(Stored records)
+--
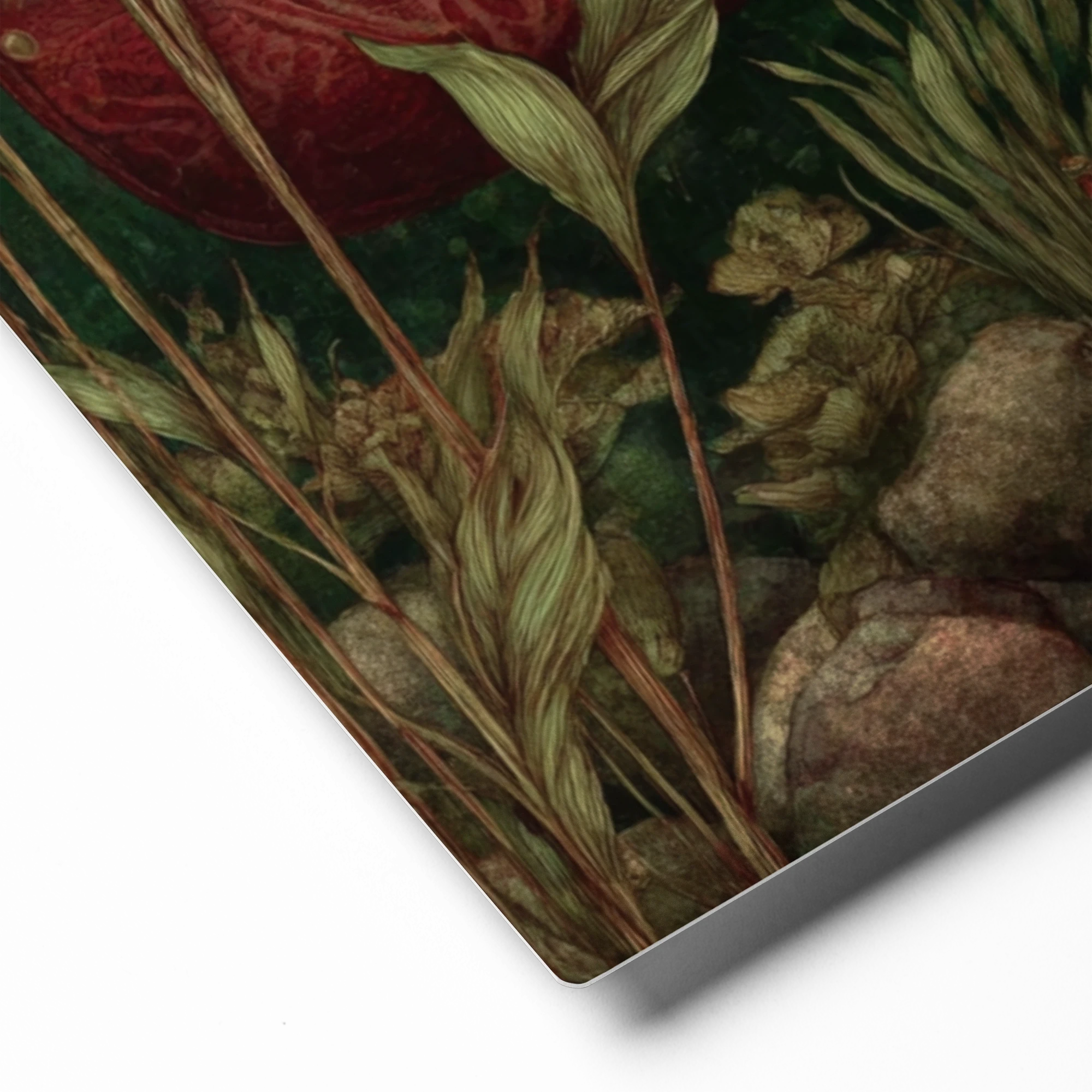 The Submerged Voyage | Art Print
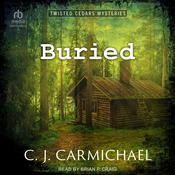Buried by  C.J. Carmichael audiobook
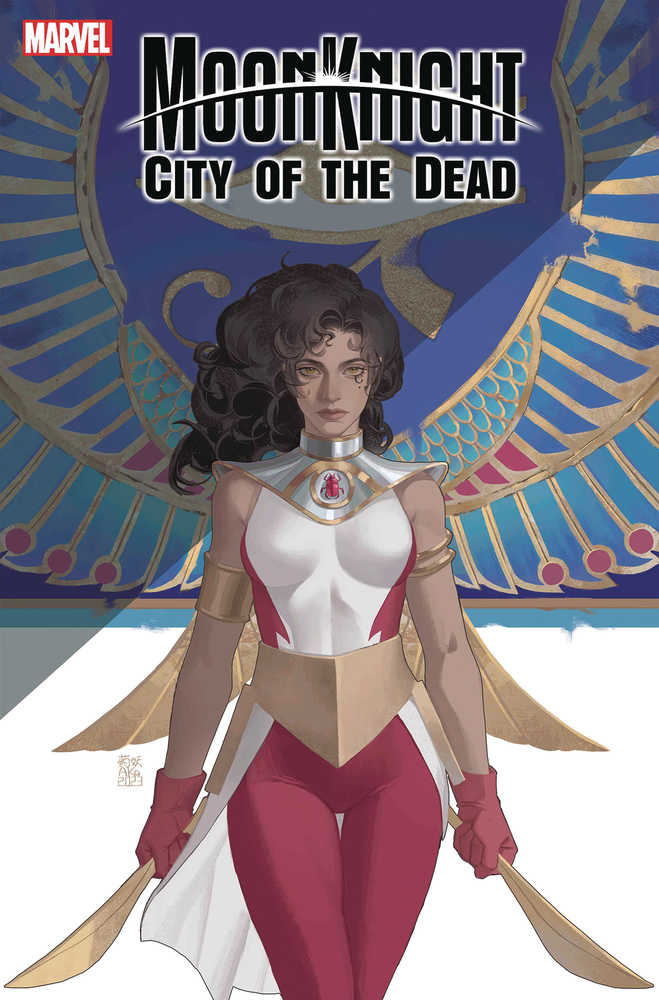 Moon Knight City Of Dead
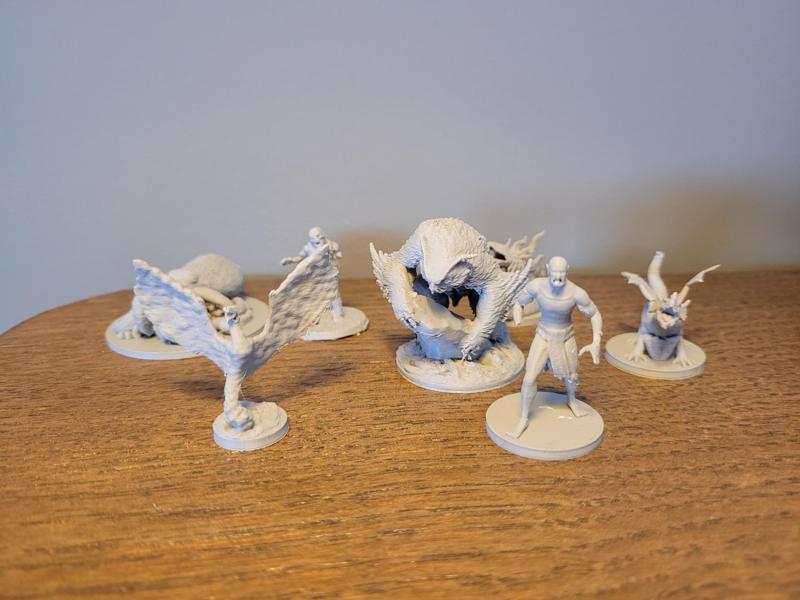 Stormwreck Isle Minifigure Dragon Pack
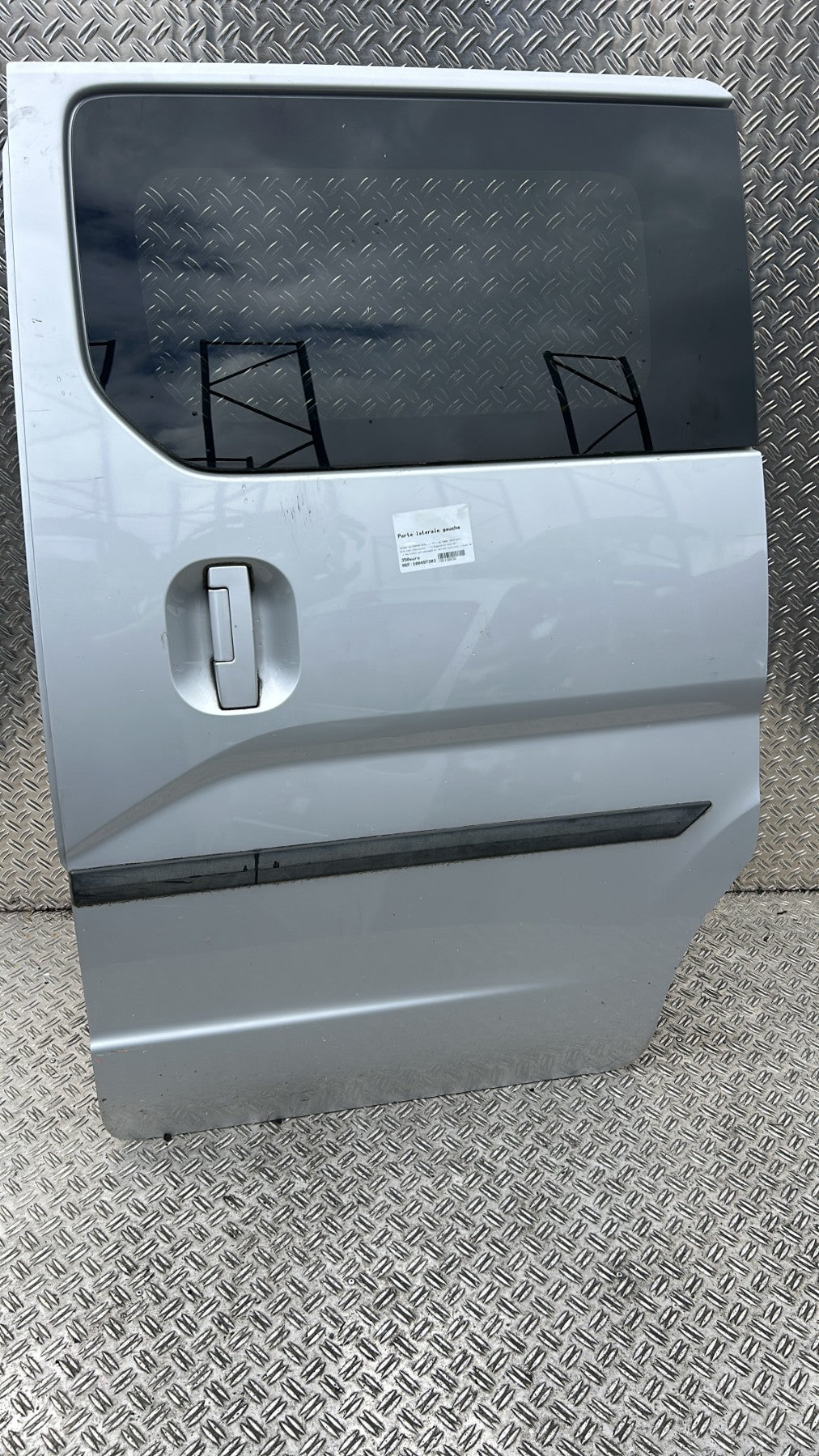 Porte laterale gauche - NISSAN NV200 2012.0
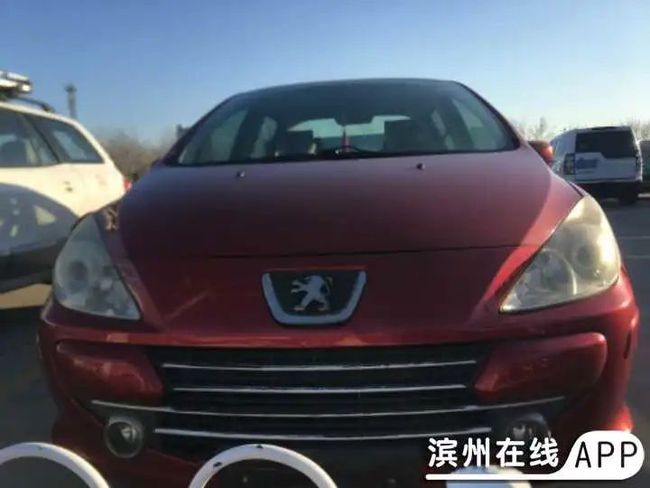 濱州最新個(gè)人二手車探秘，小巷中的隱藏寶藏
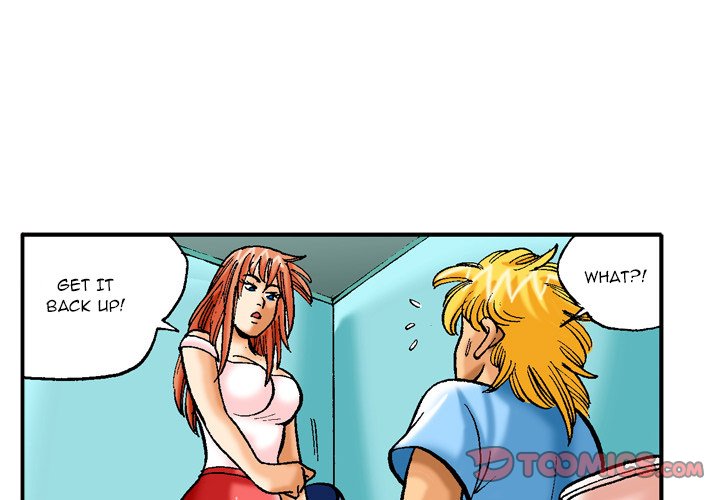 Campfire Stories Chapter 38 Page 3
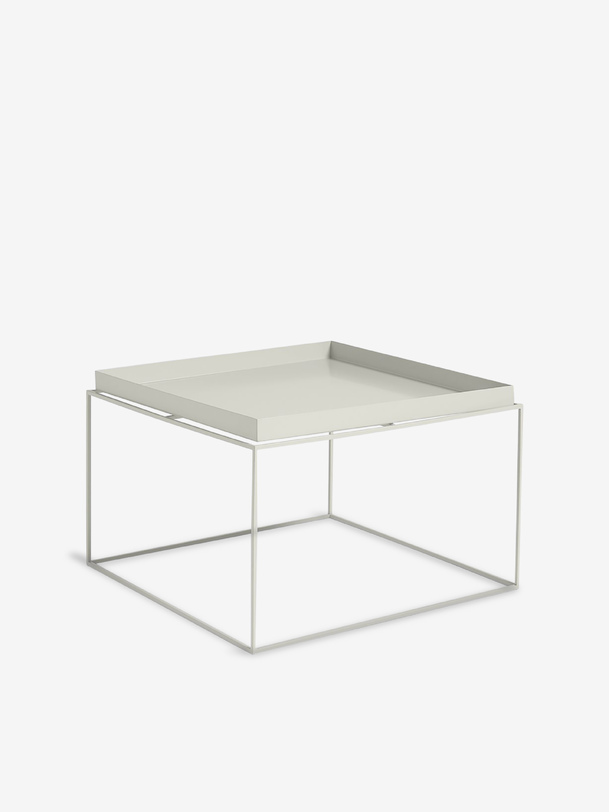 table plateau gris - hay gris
+--
* Work task
Nothing but the lines from the one holding "Stormwreck Isle Minifigure Dragon Pack" through the final line of the entries should be retyped, exactly as they stand and without pictures.

* Response to the exercise
 Stormwreck Isle Minifigure Dragon Pack
 Porte laterale gauche - NISSAN NV200 2012.0
 濱州最新個(gè)人二手車探秘，小巷中的隱藏寶藏
 Campfire Stories Chapter 38 Page 3
 table plateau gris - hay gris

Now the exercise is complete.